Tuesday, July 9, 2024

Bishop Sanborn is Young Earth, Deo Gratias!


My Question to Bishop Sanborn on the Age of the Earth and the Days of Genesis
St AnthonyPadua RadTrad | 9 July 2024
https://www.youtube.com/watch?v=OwnJTJI9i6k


0:58 Depending on version of LXX text (Lamech engendered at 187 or 167, Genesis 11 has or hasn't a second Cainan) and on choices of interpretation (all Christians traditionally believe in the short soujourn, but differ on the years between Exodus and Temple (both Roman Martyrology and Syncellus tend to there being more than just 480, but unequally so), and between the Temple and Christ (Syncellus puts the Temple in 1032 BC, which is when Roman Martyrology for Christmas day puts the anointing of King David), the LXX will NOT be compatible with Christ born 10 000 Anno Mundi, but with Christ born more than 5000 and less than 6000 Anno Mundi (Roman Martyrology has 5199, Syncellus has 5500 and 5509 as low and high counts).

Sorry, but Bishop Sanborn should have checked the facts better.

1:29 No, St. Augustine didn't prolong creation over a long period of time. Not if it's meant as anything like "day age" ....

The time when all creatures were present was sth like same moment when all was created.

The time when all creatures involved bodily mature examples (and mentally, for man) may have been the exact same, may have been normal gestation periods and matruing periods, may have been miraculous speeding up of them.

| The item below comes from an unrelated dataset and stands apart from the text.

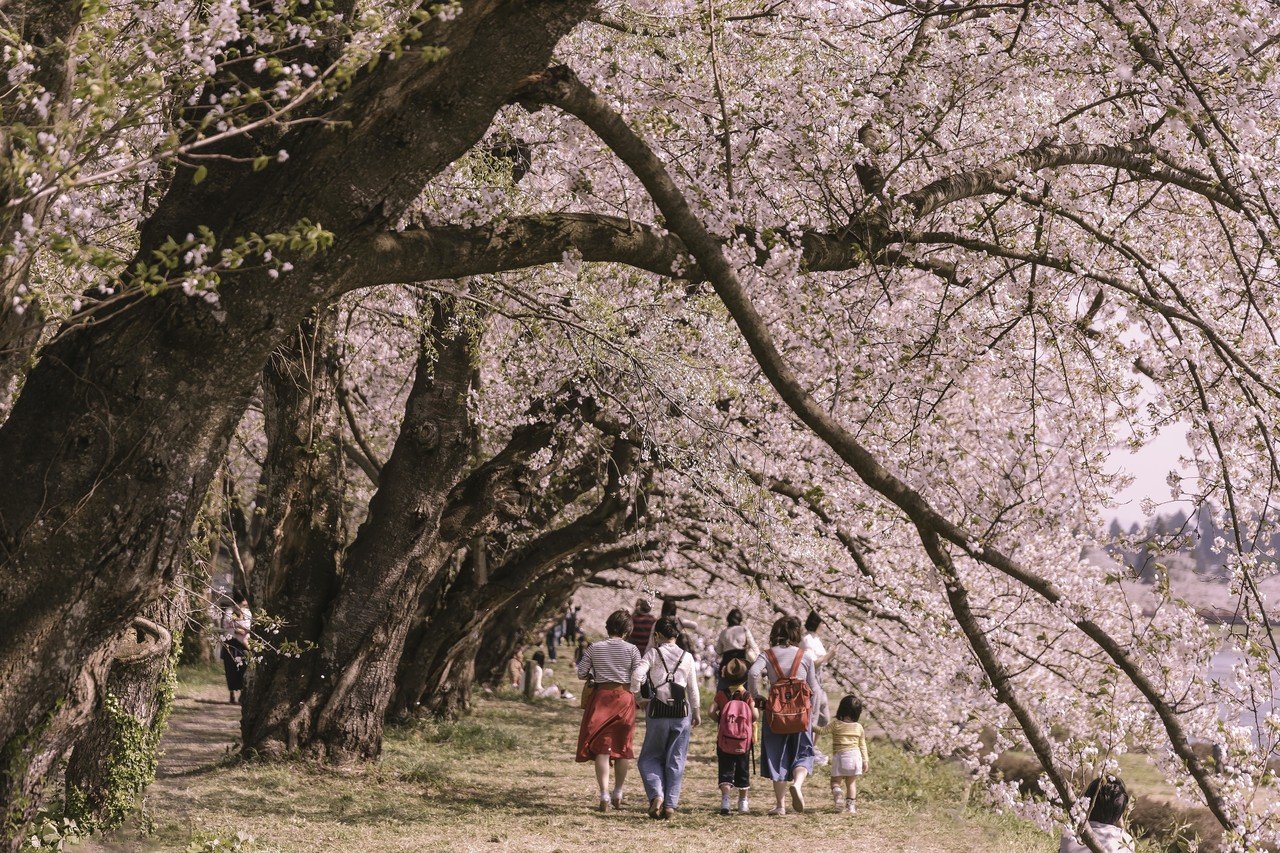 角館の桜トンネル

On St. Augustine's view we can at most add 33 years between Adam's creation and the creation of Eve. Not "long periods of time" ... unless 33 years counts as that. St. Thomas by the time of the Summa Theologica said that Adam could have been created in the very first moment, but taken up to day VI to get a miraculously speeded up maturation.

Early Christian Beliefs
@EarlyChristianBeliefs
Thank you very much for pointing out the very important about St. Augustine not supporting an Old Earth interpretation.

Hans-Georg Lundahl
@hglundahl
@EarlyChristianBeliefs You are welcome!

The misconception is probably between St. Augustine himself and Father Fulcran Vigouroux, the latter saying "if St. Augustine thought it fine to deviate from six litteral days one way, doing so the opposite way couldn't hurt either" ... with no direct support from St. Augustine's actual words for the latter part!


1:53 St. Augustine actually answers that one in book I of De Genesi ad Litteram Libri XII.

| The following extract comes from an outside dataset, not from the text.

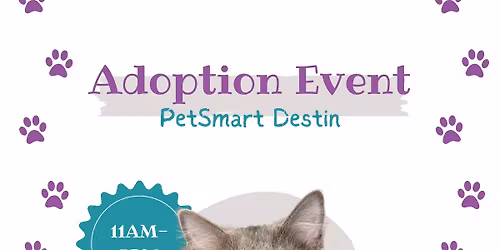 Adoption Event at PetSmart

God miraculously upheld a light without a light sources, shining on half of earth each moment, and the delimitation rotates, and the creation days count as per Time Zone of Jerusalem, where Adam was created.

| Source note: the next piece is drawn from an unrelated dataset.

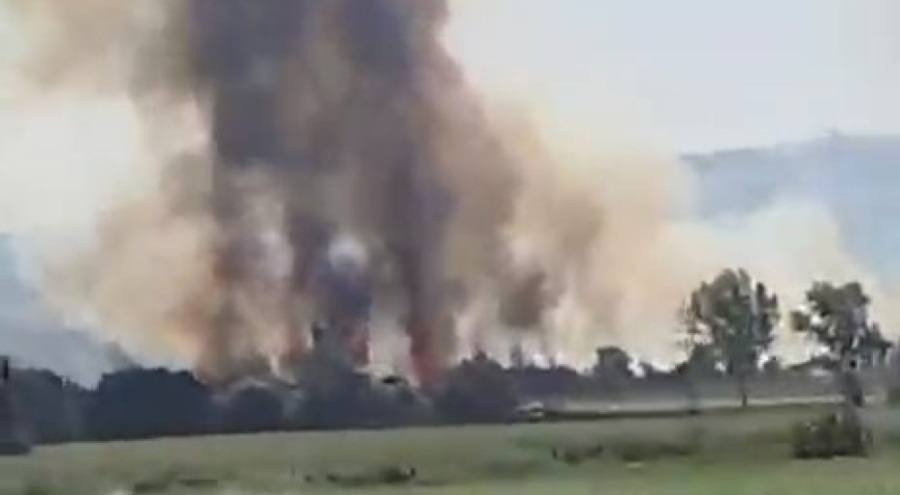 Bursa Yenişehir'de kırsal alanda yangın paniği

2:05 I'm looking at the question:

"0:08 what is your position on the age of the 0:10 Earth or the age of man"


In fact two questions.

Some held to Day Age theory 100 years ago, i e that Creation Days of Genesis 1 were long periods of time.

But they also held to Biblical chronology from Creation of Adam onward. This was the position of Father Fulcran Vigouroux. He was open to gaps in the Genesis 11 genealogy, but didn't want to use it before further "datings" were pushing a prolongation of the age of man beyond what Genesis 5 and 11 genealogies suggest (he held to a Septuagint reading of them). That could possibly mean sth like up to 10 000 years.

Most Old Earthers (Old Earth Creationists or Theistic Evolutionists) today would extend the age of man very much beyond this. I'm very glad that this apparently is not Bishop Sanborn's own position.